Content starts

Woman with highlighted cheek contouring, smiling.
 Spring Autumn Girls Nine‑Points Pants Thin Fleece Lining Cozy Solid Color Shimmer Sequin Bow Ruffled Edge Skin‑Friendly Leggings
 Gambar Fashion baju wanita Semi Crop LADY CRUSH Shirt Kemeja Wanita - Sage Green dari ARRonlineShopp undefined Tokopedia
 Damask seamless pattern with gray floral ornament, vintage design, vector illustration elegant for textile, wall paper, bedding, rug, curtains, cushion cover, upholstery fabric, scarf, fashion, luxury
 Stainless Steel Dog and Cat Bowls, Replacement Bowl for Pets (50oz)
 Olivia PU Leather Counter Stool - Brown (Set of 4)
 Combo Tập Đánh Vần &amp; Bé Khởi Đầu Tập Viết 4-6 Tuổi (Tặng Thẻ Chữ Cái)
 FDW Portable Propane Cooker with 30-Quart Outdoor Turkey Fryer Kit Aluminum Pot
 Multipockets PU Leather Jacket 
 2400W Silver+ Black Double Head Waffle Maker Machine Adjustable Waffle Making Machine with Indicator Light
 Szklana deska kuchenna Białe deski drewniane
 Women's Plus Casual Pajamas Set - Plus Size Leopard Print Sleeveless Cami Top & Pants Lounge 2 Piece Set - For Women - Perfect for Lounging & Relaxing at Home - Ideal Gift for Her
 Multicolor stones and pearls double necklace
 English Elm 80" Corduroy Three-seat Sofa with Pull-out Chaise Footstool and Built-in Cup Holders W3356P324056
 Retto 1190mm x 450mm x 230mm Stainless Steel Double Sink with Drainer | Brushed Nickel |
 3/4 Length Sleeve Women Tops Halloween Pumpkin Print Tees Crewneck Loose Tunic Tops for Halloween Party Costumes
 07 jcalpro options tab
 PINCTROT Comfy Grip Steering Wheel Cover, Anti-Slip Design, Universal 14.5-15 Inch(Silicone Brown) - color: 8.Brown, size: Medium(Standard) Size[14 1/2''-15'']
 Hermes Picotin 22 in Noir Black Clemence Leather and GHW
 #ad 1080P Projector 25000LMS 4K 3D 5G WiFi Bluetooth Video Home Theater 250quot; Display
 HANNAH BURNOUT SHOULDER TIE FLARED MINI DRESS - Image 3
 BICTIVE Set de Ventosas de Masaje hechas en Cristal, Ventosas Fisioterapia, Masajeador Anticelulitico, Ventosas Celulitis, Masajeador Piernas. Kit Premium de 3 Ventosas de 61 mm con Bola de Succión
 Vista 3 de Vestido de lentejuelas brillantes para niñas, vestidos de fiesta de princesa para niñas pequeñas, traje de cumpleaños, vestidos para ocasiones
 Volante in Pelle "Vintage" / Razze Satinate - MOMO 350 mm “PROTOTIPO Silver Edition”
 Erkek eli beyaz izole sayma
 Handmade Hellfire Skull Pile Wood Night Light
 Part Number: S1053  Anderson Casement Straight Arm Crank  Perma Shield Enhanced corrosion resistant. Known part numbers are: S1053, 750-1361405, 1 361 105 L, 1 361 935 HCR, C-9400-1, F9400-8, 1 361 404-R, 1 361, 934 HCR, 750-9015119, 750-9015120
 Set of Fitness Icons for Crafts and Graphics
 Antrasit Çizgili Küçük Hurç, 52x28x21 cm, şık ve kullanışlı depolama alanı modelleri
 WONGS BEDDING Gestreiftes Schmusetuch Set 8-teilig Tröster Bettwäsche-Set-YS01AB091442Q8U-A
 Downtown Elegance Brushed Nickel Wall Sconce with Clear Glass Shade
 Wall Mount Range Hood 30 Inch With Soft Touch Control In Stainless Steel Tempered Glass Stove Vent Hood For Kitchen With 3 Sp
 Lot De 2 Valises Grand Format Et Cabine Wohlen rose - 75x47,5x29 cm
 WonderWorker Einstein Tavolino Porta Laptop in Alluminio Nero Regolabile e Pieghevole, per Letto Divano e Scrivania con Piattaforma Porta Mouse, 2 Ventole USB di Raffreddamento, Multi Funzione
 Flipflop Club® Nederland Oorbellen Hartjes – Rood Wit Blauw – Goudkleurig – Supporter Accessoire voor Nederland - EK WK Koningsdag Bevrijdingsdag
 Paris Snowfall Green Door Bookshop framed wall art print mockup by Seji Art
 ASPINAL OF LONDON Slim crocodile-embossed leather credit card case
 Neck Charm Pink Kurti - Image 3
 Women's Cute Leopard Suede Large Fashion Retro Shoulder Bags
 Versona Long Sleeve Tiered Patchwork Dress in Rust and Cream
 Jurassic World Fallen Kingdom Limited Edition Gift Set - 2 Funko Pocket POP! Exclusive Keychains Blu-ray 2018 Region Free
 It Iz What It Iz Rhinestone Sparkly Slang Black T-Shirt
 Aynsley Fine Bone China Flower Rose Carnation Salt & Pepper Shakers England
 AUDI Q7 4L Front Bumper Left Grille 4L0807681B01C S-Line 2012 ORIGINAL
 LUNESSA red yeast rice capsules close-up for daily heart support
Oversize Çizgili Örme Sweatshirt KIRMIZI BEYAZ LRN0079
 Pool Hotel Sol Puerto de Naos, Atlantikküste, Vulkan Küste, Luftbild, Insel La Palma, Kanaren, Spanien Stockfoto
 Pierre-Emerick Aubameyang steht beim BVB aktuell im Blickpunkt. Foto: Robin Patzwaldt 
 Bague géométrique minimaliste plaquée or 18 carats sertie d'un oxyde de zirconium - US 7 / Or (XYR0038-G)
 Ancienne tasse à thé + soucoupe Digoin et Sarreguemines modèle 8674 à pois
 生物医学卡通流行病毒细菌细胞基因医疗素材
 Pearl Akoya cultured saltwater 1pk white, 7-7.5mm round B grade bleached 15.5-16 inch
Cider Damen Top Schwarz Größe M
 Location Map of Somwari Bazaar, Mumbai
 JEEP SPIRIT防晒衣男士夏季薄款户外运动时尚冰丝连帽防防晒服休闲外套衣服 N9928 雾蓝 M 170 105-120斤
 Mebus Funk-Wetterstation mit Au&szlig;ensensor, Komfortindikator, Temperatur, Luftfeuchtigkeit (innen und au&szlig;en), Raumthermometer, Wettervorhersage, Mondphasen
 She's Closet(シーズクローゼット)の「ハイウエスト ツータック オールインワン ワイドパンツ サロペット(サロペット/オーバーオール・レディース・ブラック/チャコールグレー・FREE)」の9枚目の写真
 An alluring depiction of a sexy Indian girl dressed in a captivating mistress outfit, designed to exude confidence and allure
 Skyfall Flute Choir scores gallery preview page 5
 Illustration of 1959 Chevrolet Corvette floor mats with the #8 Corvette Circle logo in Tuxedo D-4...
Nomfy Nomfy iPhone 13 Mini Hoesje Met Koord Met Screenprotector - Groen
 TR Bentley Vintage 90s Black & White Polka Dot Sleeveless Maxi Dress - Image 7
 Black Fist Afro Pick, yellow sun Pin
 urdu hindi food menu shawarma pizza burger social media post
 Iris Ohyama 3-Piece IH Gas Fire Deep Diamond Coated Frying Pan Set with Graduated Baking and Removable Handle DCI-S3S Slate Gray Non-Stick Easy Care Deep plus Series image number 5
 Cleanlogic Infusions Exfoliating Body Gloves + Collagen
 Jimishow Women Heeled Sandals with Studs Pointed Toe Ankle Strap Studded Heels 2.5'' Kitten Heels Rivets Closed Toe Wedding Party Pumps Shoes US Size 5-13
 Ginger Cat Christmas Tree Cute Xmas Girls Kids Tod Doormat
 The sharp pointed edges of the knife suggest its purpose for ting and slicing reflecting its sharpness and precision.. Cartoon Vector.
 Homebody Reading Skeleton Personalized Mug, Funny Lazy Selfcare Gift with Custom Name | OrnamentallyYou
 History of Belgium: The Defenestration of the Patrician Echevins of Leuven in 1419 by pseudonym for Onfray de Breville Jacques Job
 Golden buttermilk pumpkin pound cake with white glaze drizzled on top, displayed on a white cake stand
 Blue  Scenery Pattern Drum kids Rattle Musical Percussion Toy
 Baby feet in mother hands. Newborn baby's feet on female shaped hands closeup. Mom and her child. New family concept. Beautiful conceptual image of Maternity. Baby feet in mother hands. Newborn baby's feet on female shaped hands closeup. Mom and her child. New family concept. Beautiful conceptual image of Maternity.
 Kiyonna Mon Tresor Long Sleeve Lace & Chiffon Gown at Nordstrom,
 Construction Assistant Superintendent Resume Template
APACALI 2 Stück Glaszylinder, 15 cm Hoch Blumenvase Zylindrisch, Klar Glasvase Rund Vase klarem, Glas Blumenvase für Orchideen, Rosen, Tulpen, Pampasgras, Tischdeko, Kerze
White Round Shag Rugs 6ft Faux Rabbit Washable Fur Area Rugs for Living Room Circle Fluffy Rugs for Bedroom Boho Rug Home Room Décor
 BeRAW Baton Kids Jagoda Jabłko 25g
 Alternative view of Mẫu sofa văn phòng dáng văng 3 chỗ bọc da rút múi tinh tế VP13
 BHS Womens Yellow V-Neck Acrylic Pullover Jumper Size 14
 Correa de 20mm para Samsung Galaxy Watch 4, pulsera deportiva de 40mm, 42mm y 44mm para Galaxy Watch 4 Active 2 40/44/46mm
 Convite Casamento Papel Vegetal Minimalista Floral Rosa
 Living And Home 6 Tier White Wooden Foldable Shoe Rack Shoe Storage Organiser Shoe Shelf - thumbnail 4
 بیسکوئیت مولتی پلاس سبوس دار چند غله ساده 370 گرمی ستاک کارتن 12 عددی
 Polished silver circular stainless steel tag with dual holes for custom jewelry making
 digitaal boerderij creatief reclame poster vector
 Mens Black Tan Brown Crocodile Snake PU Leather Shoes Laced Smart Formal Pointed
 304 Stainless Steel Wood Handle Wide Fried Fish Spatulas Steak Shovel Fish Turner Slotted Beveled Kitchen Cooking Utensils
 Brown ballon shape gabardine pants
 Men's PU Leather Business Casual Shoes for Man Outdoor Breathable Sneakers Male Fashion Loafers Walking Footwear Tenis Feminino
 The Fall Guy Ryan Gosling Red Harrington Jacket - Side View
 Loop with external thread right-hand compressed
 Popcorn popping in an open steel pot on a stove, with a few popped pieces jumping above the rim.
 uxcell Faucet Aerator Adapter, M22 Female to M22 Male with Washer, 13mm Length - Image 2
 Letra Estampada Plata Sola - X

Content ends

Could you retype exactly the lines above, starting at the line that contains "Polished silver circular" and ending at the line that contains "Popcorn popping in", and nothing more?

** Task answer **
 Polished silver circular stainless steel tag with dual holes for custom jewelry making
 digitaal boerderij creatief reclame poster vector
 Mens Black Tan Brown Crocodile Snake PU Leather Shoes Laced Smart Formal Pointed
 304 Stainless Steel Wood Handle Wide Fried Fish Spatulas Steak Shovel Fish Turner Slotted Beveled Kitchen Cooking Utensils
 Brown ballon shape gabardine pants
 Men's PU Leather Business Casual Shoes for Man Outdoor Breathable Sneakers Male Fashion Loafers Walking Footwear Tenis Feminino
 The Fall Guy Ryan Gosling Red Harrington Jacket - Side View
 Loop with external thread right-hand compressed
 Popcorn popping in an open steel pot on a stove, with a few popped pieces jumping above the rim.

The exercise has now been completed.